I love the stuff and my journey in GG started with an innocuous wee 50ml sample I received as a Christmas present in 2021. I devoured it rapid-style while watching Dune (the new one); I fell in love quite quickly with the big smack of purple joy that permeated throughout the delightfully spicy dram. Before the credits rolled in the film, I’d ordered a full bottle of Glen Garioch 12 year old.

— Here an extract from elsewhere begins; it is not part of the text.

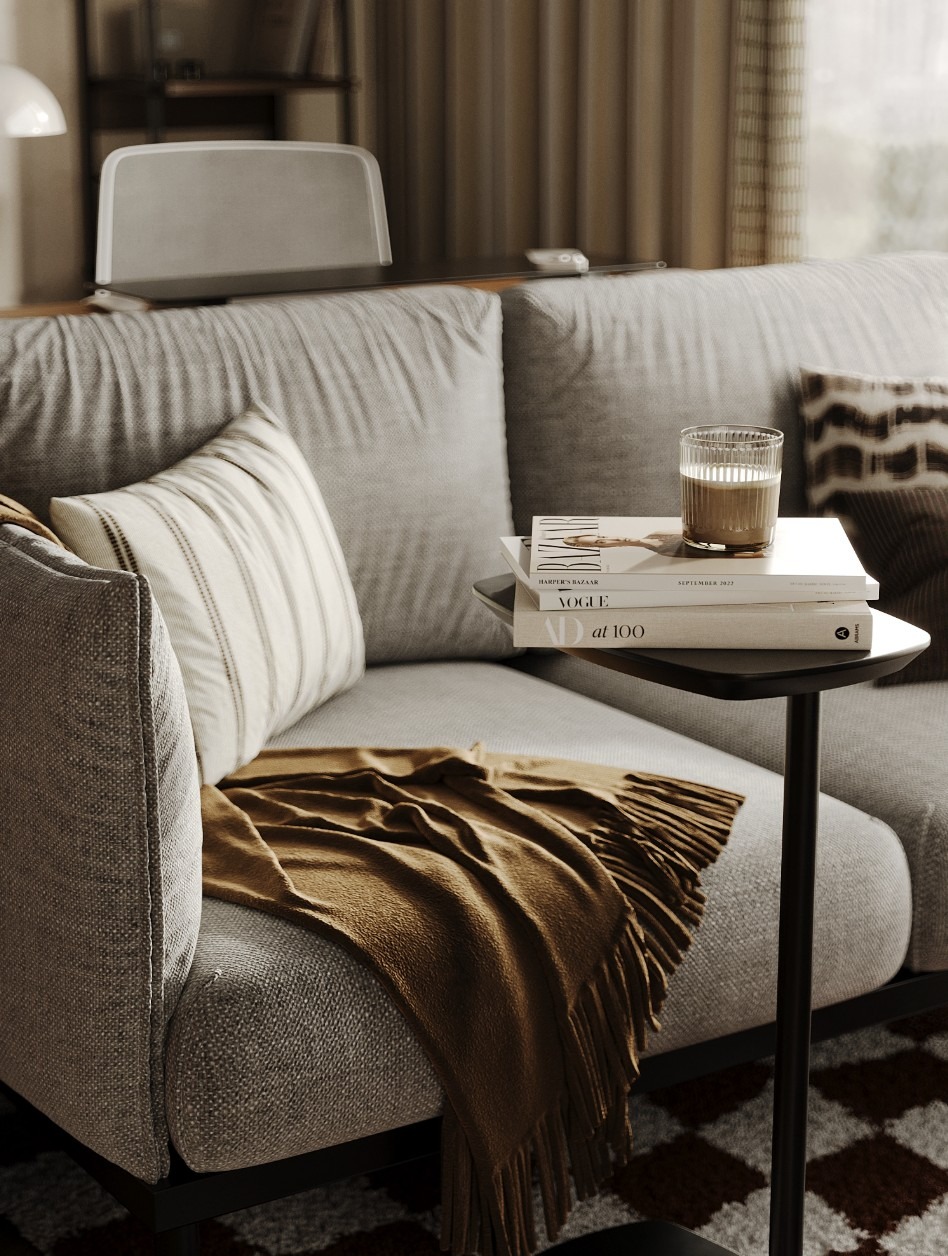 Neutralny salon z szarym narożnikiem, pledem w kolorze musztardowym, stolikiem kawowym, na którym leżą książki i stoi szklanka z kawą latte.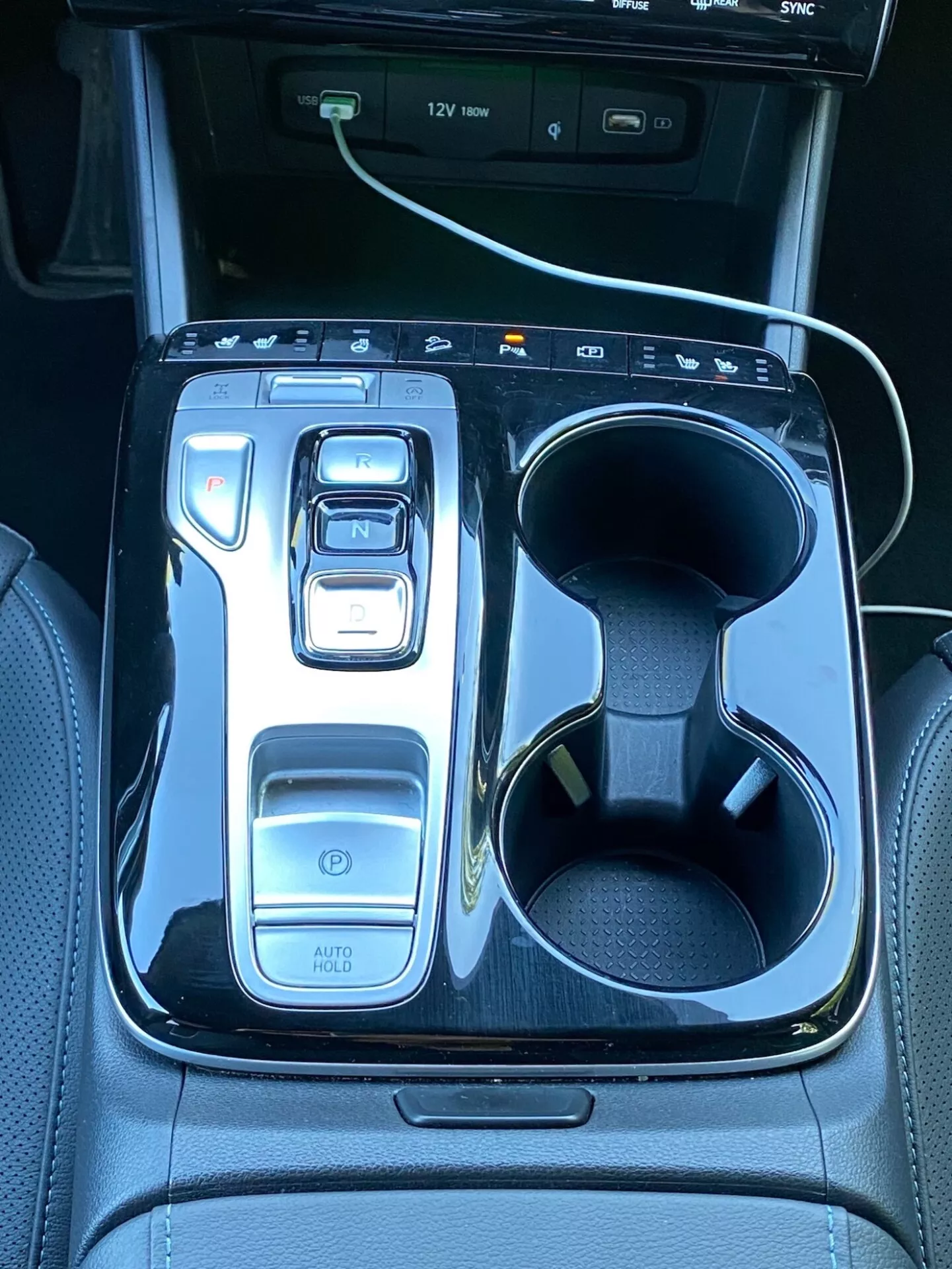 L'image montre la console centrale d'une Hyundai Tucson 2020, avec un sélecteur de vitesses électronique sur 'N' entouré d'une finition noire brillante. À gauche se trouvent des commandes comprenant un bouton d'alimentation, des sélecteurs de modes de conduite et la fonction 'AUTO HOLD'. À droite, il y a des porte-gobelets doubles avec un câble de charge blanc dans l'un des emplacements. Dans la partie supérieure, on aperçoit une partie de l'écran d'infodivertissement avec des indicateurs de port USB, mettant en valeur la technologie et le luxe du véhicule.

It’s safe to say that I rinsed that full bottle in quick time, and I was seeking my next Geery hit. My mind set into search mode but the Highland distillery of hidden delights offers, at present, just two core bottlings for us to enjoy – the 12 year old and the 1797 Founder’s Reserve. There’s more to be found from the Oldmeldrum distillery, such as any of the four Renaissance bottlings or a red wine finished number, both well north of £100. But just two bottles of sub-£50 whisky? Beam Suntory is keeping it tight for us whisky exciters. Or are they?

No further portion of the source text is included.